Byrne walked out of his hotel until he hit Grant Street, then turned in the direction of the Strip District—famous for its fish market, its vegetable stalls, its cheese counters and chocolate shops—to the Emporium. It was in name a restaurant supply company—a warehouse, really, a junk shop—filled with every conceivable table, chair, fixture, and sign. All of it used. He thought he might see something for the bookstore, something quirky and unusual that customers would come to associate with the shop. No one greeted him when he opened the door. He remembered there was a back office somewhere, smelling of cigarette smoke and decorated with old pin-up calendars and a wall clock in the shape of a Steeler’s logo. Someone would eventually appear. In the meantime, he let his eyes adjust to the dim light and took in the uneven rows of merchandise.
There was no hurry and so Byrne took his time, feeling the thrill of a treasure hunt. Against one wall were piled a mass of neon signs, their wires tangled together: the ubiquitous red lips, a green cricket wearing a top hat and carrying an umbrella that he remembered adorning the front of a now long-defunct gentleman’s club, a red and white Budweiser sign. Here, he thought, was the real America, its genuine art. Childish neon representations of love and sex and alcoholic escape. There was none of the secret joy of cynicism to these thoughts, just the sudden memory of the despair he’d felt before he left. The same despair he suspected Kristina and her friends wanted to fight off by opening a bookshop: a little oasis, a small touch of culture and idiosyncrasy in the otherwise bland landscape.
He pulled out the top-hatted cricket with his umbrella, untangled its wire, and plugged it into a nearby wall socket. The little man blinked to life—only three small segments in need of repair. He imagined the sign recharged and mounted on the wall behind the front counter or in some unexpected corner, totally incongruous, making no sense at first, and then making the best kind of sense of all to anyone who remembered Pinocchio. It might be especially striking if the rest of the shop looked Old World and traditional, something out of Dickens or Flaubert, doorways and moldings edged in reclaimed wood, stained dark, just waiting to be layered in dust. And in the midst of all this, a slightly lugubrious neon cricket.

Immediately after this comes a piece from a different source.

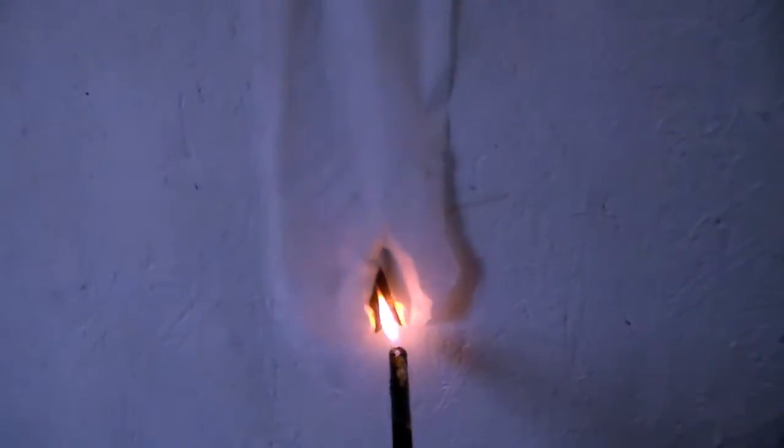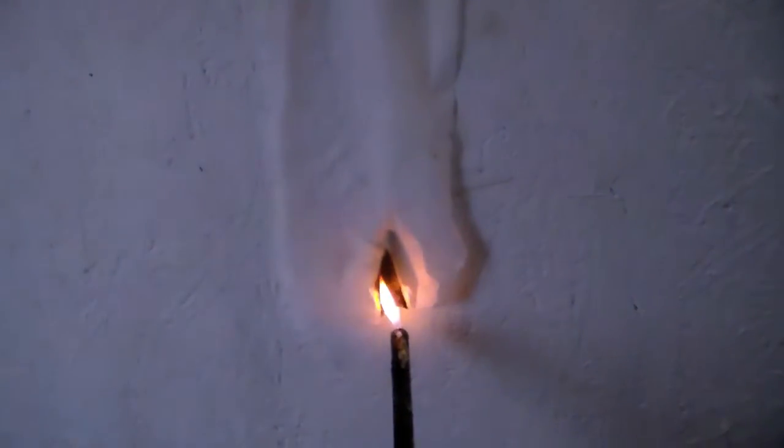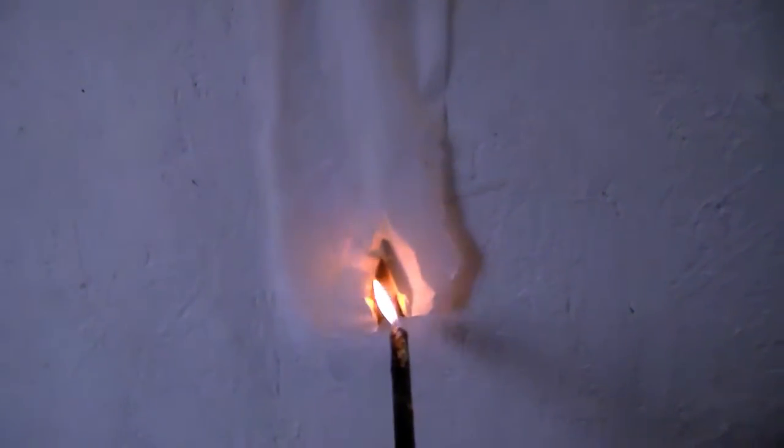You can see a little scorch where the flame is, it does not continue to burn.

The door to the back office opened and two women passed through to the warehouse floor, the first of whom he noticed particularly because she was laughing. It was a high-pitched sound, almost ugly, but also wild and fond, that suggested you were a fool if you didn’t find yourself laughing along too. She was probably still in her twenties, blond-haired with dark eyebrows, and she wore a gray hoodie that read The Emporium in gothic letters. She was hurrying the other woman along, clearly with a destination in mind, and the impression she gave was of someone who knew every item in the warehouse, its location and price and history. A person who loved her job.
Wanting to talk to someone about the cricket, Byrne trailed distantly behind them. The Emporium woman put one hand on the other’s arm and leaned in to whisper something in her ear, then pointed to an object on a nearby shelf and they both burst into laughter. There was at that moment such an easy camaraderie that the first woman put her arm around the shoulders of the customer and leaned the side of her head against the woman’s head. Then she plucked an object from the shelf in front of them—a tarnished silver candelabra—and gave it to her new friend, whose reaction was to hold it reverently and shake her head in seeming disbelief.

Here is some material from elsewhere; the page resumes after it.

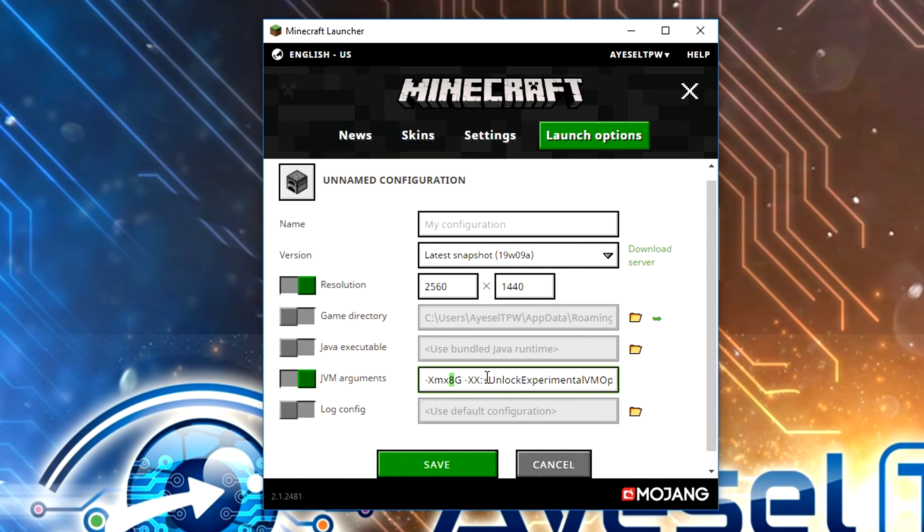So if you've got 8GB of RAM, I would allocate 4. If you've got 16GB of RAM, I would allocate 8. I have 32GB of RAM — I don't need to allocate 16, that's overkill. So I'm just allocating 8GB.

Byrne hadn’t been eavesdropping exactly, but as they turned in his direction, he ducked into an aisle to hide. He felt ridiculous, as though he’d nearly been caught doing something vulgar, when all he’d actually done was patiently wait his turn to make a purchase. But he knew what had happened. It was not déjà vu, nor was it a palimpsest—not exactly. The woman’s laughter had simply brought to Byrne quite vividly a memory of being in love. Save the blond hair, she did not look at all like Jennifer Carlisle. Jennifer’s face was rounder and the tone of her skin richer, Latin in some way. And Jennifer was a small woman, five feet tall with her heels off, and elfin in appearance especially around the eyes. But she had a way about her—an easy intimacy that made you feel you knew her or that, very soon at least, you’d become good friends. She made people feel noticed, wanted. An unkind person might have diagnosed her behavior as attention-seeking or narcissistic, but it was possible to know her for a long time before any of that became clear, and in the meantime she was full of joy and great, great fun.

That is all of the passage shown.